The department covers a total area of 5,092 km² (1,966 sq mi) and, as of the 2022 census, has a population of 18,029 inhabitants.

== Etymology ==
The name comes from a Mapuche expression that means "turn," "roundabout," "opening," or "clearing in the forest."

== Geography ==
The department is composed of the following subdivisions: the Toay municipality; the Winifreda municipality, with part of its rural area in the Conhelo and Capital departments; Naicó town and rural area of the municipality of Ataliva Roca, extending into the Utracán and Atreucó departments; the rural area of the municipality of Luan Toro (the rest extends into the Loventué and Conhelo departments); rural area of the municipality of Santa Rosa (the rest extends into the Capital department); and the rural area of the municipality of Carro Quemado (the rest extends into the Loventué department).

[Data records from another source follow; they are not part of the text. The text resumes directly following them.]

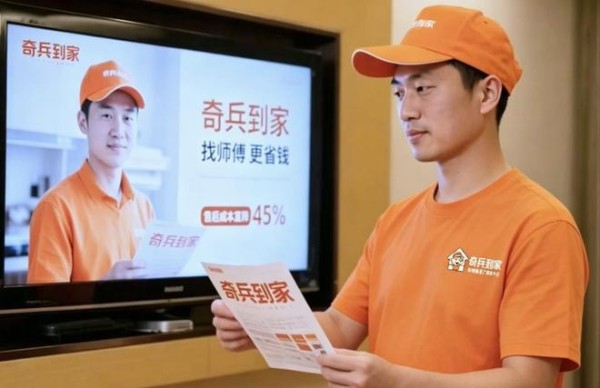 灯具安装“高空作业”谁敢接?专业平台vs散工的风险账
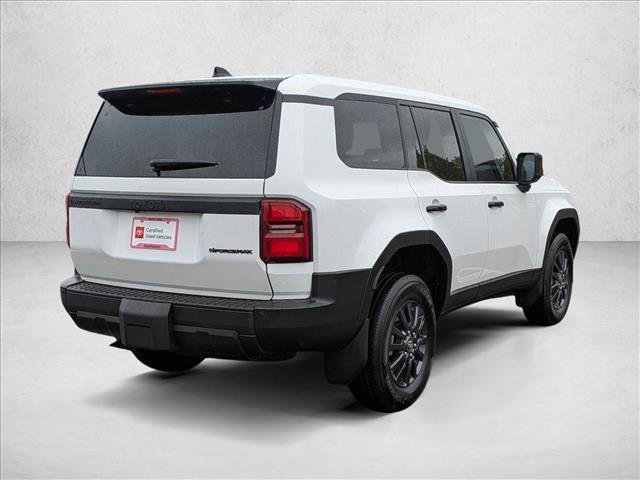 Used 2026 Toyota Land Cruiser 1958 AWD/4WD image 5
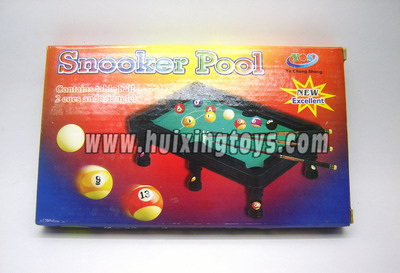 BILLIARDS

It has an area of 5,092 km². It borders the Conhelo department to the north, the Capital department to the northeast, the Atreucó department to the east, the Utracán department to the south, and the Loventué department to the west. The department can be accessed via National Route RN 35 and Provincial Routes RP 11, RP 12 and RP 14.

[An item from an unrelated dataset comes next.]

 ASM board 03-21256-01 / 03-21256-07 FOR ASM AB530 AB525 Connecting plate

Within the Toay department lies Luro Park, one of the most visited provincial protected areas in La Pampa. Its main attractions are the observation of flora and fauna and the provincial historical monument El Castillo, a "château" built at the beginning of the 20th century by Pedro Olegario Luro Pradère.

== Demographics ==
The department had 18,029 inhabitants (INDEC, 2022), representing a 45.3% increase compared to the 12,409 inhabitants (INDEC, 2010) of the previous census. This figure earned it third place in the province by population and the highest intercensal growth rate in La Pampa.

== Economy ==
The Toay department is part of Microregion 6, one of the sectors into which the Ministry of Production of La Pampa virtually subdivided the province for the purpose of analyzing regional issues and defining and implementing development plans. The region is characterized by a high concentration of population in the cities of Toay and Santa Rosa, which currently form an urban agglomeration called Greater Santa Rosa. This situation results in an economic structure with a strong presence of the secondary (manufacturing) and tertiary (services) sectors. The primary sector is characterized by the production of cereals and oilseeds and cattle farming, generally on family farms of no more than 500 hectares.